We certified in accordance with Section 162(m) that Morgan Stanley’s financial results for fiscal 2002 satisfied the performance criteria set in accordance with Section 162(m) for fiscal 2002. After an analysis of the considerations set forth above, we awarded above-base incentive compensation to the Management Committee members for fiscal 2002 that was equal to or below the maximum amount yielded by the application of the compensation formula contained in the performance criteria. We awarded incentive compensation to the Management Committee members, partly in cash and partly in the form of long-term equity components (restricted stock units and options). We awarded an average of approximately 39% of each Management Committee member’s Total Reward in long-term equity. We ascribed value to restricted stock units based on a 25% discount from the fair market value of the common stock to compensate for the vesting characteristics and the significant restrictions on disposition of these units. Accordingly, the value we ascribed to such units differs from the amounts reported in the summary compensation table under the column headed “Restricted Stock Awards” because the amounts contained in the table are based on the fair market value of the common stock on the grant date without any discount. We valued stock option awards based upon a ratio of three options per share of Morgan Stanley’s common stock (2.25:1 with a 25% discount). The ratio is based upon Morgan Stanley’s historical practices and is competitive with Morgan Stanley’s key competitors’ compensation practices.

CEO compensation for fiscal 2002.    The CEO’s salary is based on the criteria described in this report. Based upon competitive data, we did not increase the CEO’s salary for fiscal 2002.

We determined incentive compensation for Mr. Purcell in accordance with the policies described above relating to all Management Committee members based on substantially the same factors and Section 162(m) performance criteria as for the other Management Committee members. Based on his individual and Morgan Stanley’s performance, Mr. Purcell’s Total Reward was $11,000,000, consisting of the following components:

 

Base Salary
  Cash Bonu
     72,254 Restricted Units
     162,572 Stock Options
  Total

$775,000

 

$5,612,500

    

$2,306,250

    

$2,306,250

 

$11,000,000

Mr. Purcell’s compensation was down over 26% compared to fiscal 2001 and 56% compared to fiscal 2000. The equity-based awards contain the terms and conditions discussed in the following tables. Approximately 42% of Mr. Purcell’s fiscal 2002 compensation is tied to the performance of Morgan Stanley’s common stock. Mr. Purcell’s compensation reflects Morgan Stanley’s financial performance and his individual leadership through a very challenging year.

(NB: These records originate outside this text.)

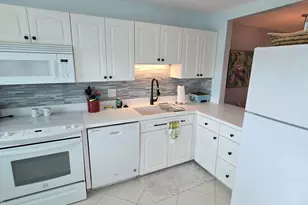 1225 Carlton Ct, Fort Pierce, FL 34949 - Photo 12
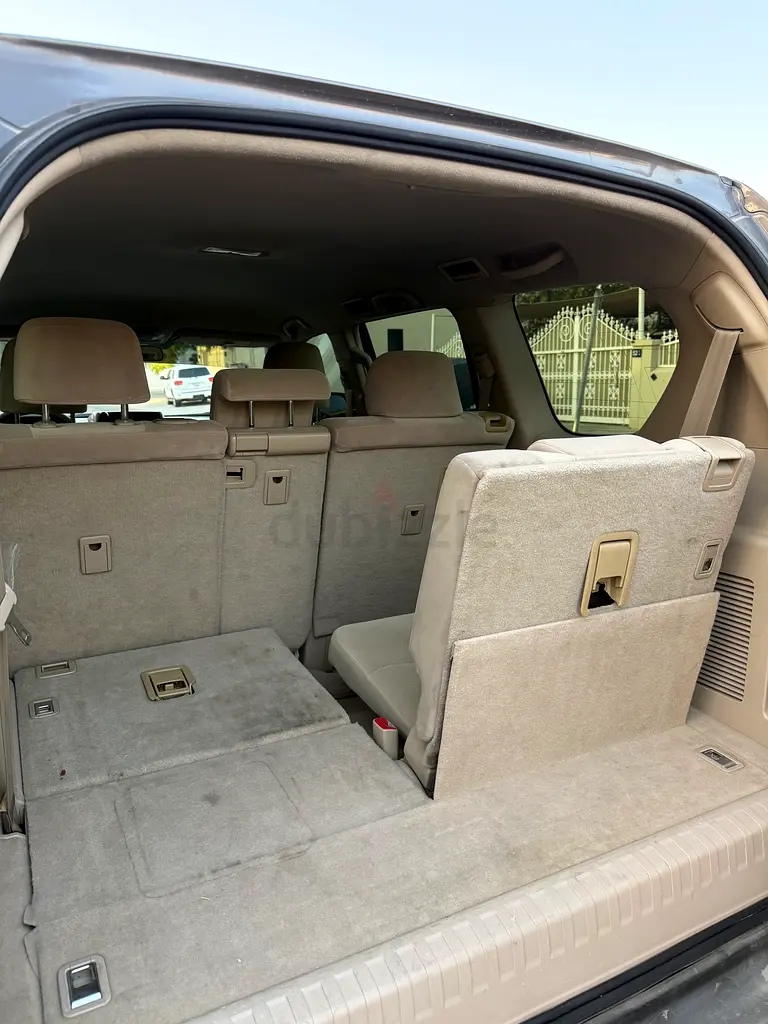 Toyota Prado 2012 GCC Specs - Reliable 4x4 SUV - Image 7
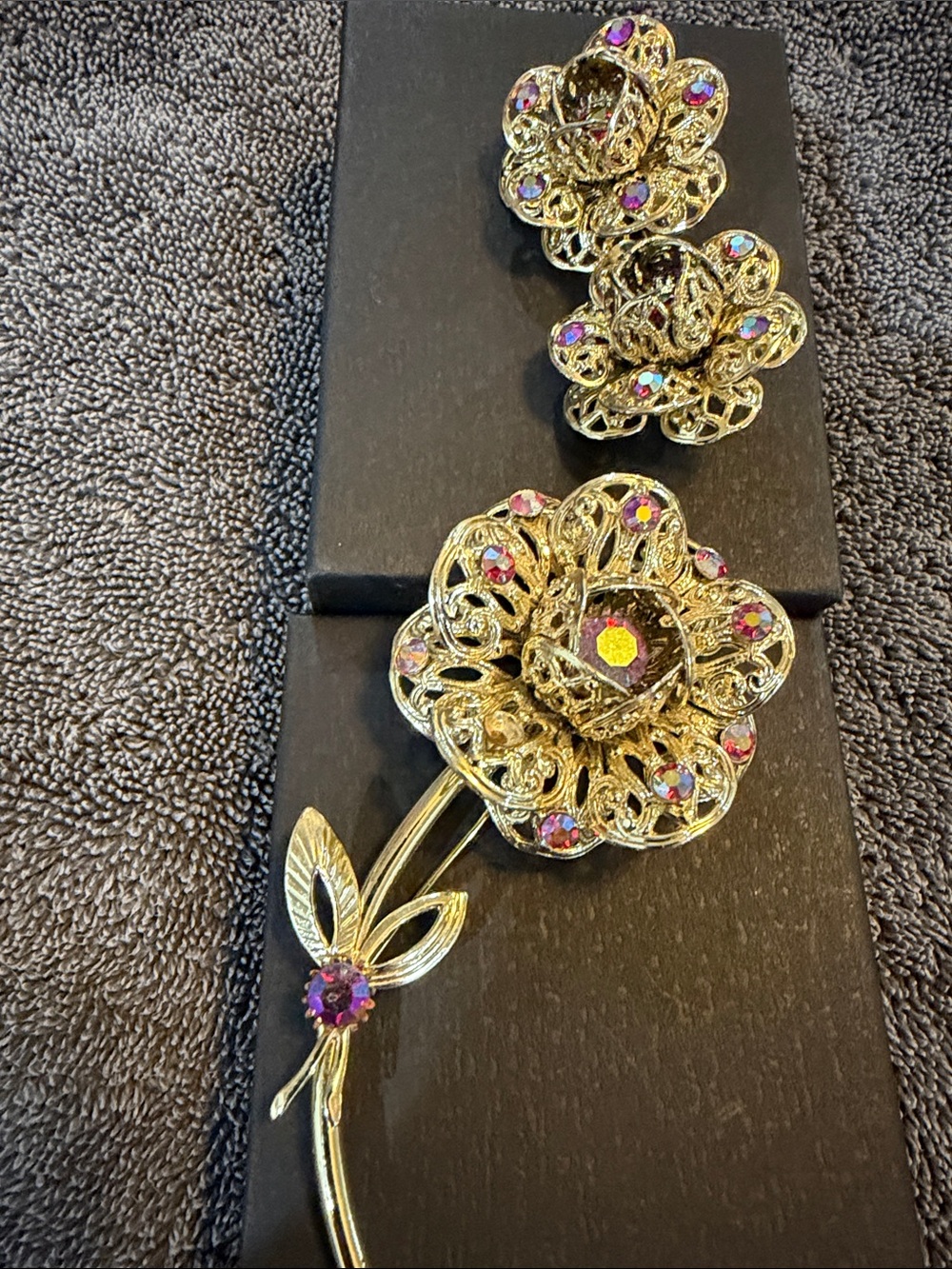 Vintage Gold Tone Floral Brooch and Clip On Earrings Set with Purple Accents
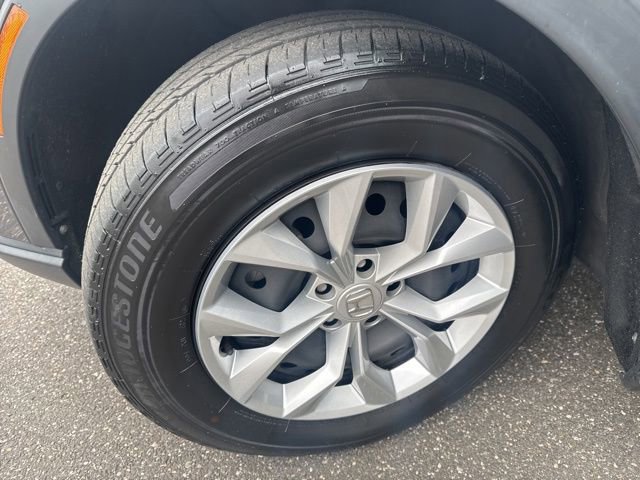 Used 2023 Honda CR-V LX image 11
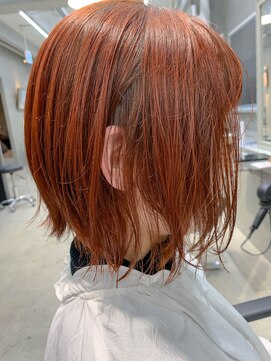 テトヘアー(teto hair) ボブ、外ハネ、オレンジ、ベージュ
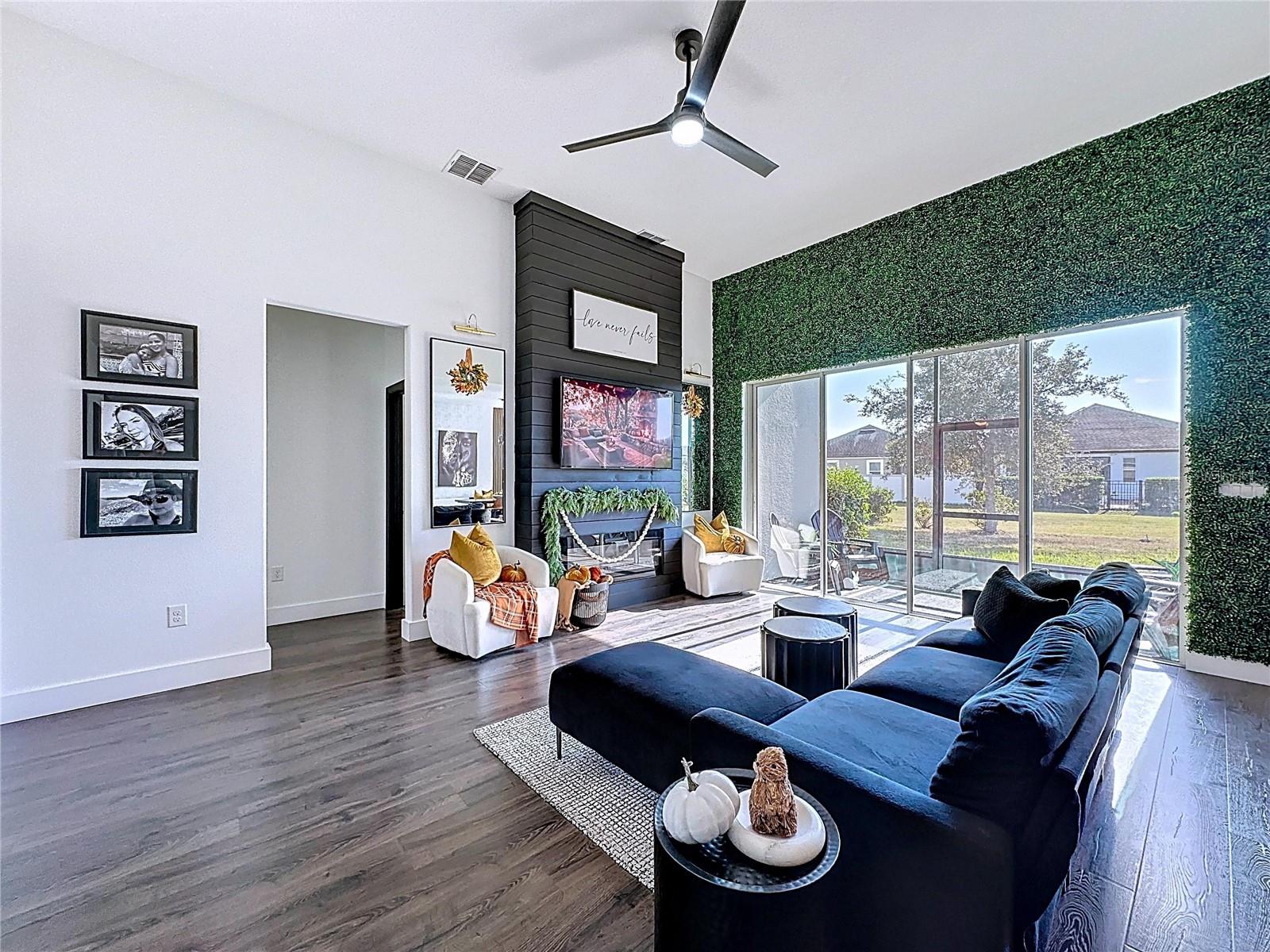 SERA BELLA - Residential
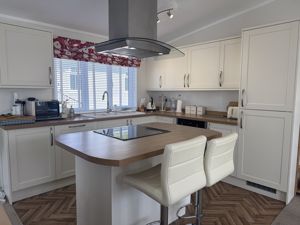 Kitchen- click for photo gallery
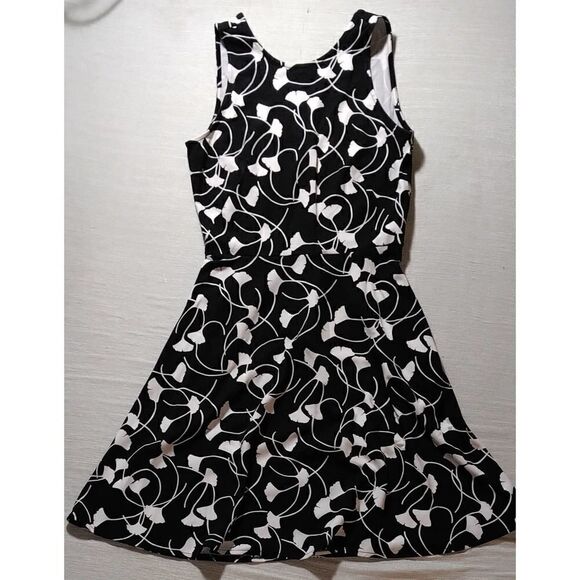 ANN TAYLOR BLACK AND WHITE POPPY PRINTED SLEEVELESS DRESS SIZE 2 - Picture 7 of 7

Conclusion.    Attracting and retaining talented and motivated management and employees is essential to create long-term shareholder value. Offering a competitive, performance-based compensation program with a large equity component helps to achieve this objective by aligning the interests of Management Committee members and other key employees with those of shareholders. We believe that Morgan Stanley’s fiscal 2002 compensation program met these objectives.